The Soap Box: This election almost as bizarre as 'schnapps election'

Barry Soper,
Publish Date
Wednesday, 20 September 2017, 7:27AM
Muldoon then went on to talk about his failed campaign and his own future. (Photo \ Getty Images)
Muldoon then went on to talk about his failed campaign and his own future. (Photo \ Getty Images)
Over the years thousand of babies have been kissed, hands shaken, pavements padded, street corners crowded, RSAs raided and pubs packed as politicians traipse around the country trying to convince you they've got the answers to your woes.
It's the time in the election cycle when they're actually prepared to stop and listen. What goes in though rarely comes out in terms of a resolution to your problem but at least it allows you to vent, to get it off your chest.
Having covered thirteen campaigns in this country this one would come close to being the most eventful and unusual. It's unprecedented to see the leaders of three political parties resigning with the first one, Metiria Turei dramatically changing the course of what was to come even though she, and everyone else, could never have predicted what was about to unfold.
Virtually overnight the campaign changed gear with even Bill English flicking the turbo switch and successfully moving into the fast lane.
So this campaign came close to the most weird and wacky. Falling into that category was the fight between Rob Muldoon and Labour's last populist leader David Lange and for obvious reasons became known as the schnapps election.

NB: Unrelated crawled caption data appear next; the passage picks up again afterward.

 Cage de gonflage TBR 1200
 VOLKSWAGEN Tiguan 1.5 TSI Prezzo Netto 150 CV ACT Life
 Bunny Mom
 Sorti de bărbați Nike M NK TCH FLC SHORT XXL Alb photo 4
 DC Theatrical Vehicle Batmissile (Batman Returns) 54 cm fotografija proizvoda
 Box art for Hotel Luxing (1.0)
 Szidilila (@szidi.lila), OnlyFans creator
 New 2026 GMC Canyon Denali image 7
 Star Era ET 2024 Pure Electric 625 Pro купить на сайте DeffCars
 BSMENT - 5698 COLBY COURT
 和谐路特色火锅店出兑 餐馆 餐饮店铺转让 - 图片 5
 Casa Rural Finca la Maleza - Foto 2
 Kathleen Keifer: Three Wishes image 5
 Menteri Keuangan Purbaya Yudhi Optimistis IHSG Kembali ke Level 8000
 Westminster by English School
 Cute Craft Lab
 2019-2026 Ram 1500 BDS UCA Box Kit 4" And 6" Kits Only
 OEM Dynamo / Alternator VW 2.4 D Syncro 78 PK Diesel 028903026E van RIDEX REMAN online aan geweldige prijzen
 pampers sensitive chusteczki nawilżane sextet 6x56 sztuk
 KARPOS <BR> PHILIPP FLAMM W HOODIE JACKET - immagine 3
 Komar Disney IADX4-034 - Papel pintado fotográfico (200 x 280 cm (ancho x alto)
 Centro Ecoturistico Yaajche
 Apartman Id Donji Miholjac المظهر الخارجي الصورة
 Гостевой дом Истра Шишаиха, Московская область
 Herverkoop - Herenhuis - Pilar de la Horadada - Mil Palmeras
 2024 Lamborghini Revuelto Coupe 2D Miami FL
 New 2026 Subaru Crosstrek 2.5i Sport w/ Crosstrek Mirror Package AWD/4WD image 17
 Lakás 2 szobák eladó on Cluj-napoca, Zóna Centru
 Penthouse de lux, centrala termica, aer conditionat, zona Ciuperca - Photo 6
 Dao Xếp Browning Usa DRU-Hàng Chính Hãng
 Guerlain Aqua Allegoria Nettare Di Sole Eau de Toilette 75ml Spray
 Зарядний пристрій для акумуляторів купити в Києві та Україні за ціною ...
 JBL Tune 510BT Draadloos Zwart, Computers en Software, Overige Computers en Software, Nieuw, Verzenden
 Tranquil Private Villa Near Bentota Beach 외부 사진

Muldoon was shickered when he called it and was in the same condition when the voter called it, and called time out for him, a month later.  A cartoon penned by Tom Scott and published the day after he called the snap election had Muldoon, with a party hat skew-whiff on his head, with a few spent whistles on the bedcover, sitting up next to his wife asking whether he'd said something about a snap election the night before.
The Thursday night before the poll, after wrapping up his campaign with a speech in Auckland, Muldoon agreed to see me in his hotel room for a final interview before the vote. He said to come an hour after he'd finished speaking and he was found slumped in an armchair, wisps of hair cascading over his collar, and a spent bottle of red wine lying on its side on the floor.
The interview began with the question whether he'd felt he'd won the election. The head wagged from side to side and he had to be reminded he was being interviewed for radio and therefore had to speak. The question was asked again and the answer was straight to the point: "Nup."
Muldoon then went on to talk about his failed campaign and his own future. Hearing it on air the next morning, he immediately called a press conference, but rather than conceding defeat again, he claimed he was taken out of context. In other words, what part of nup don't you understand.
The rest is history and so was Muldoon.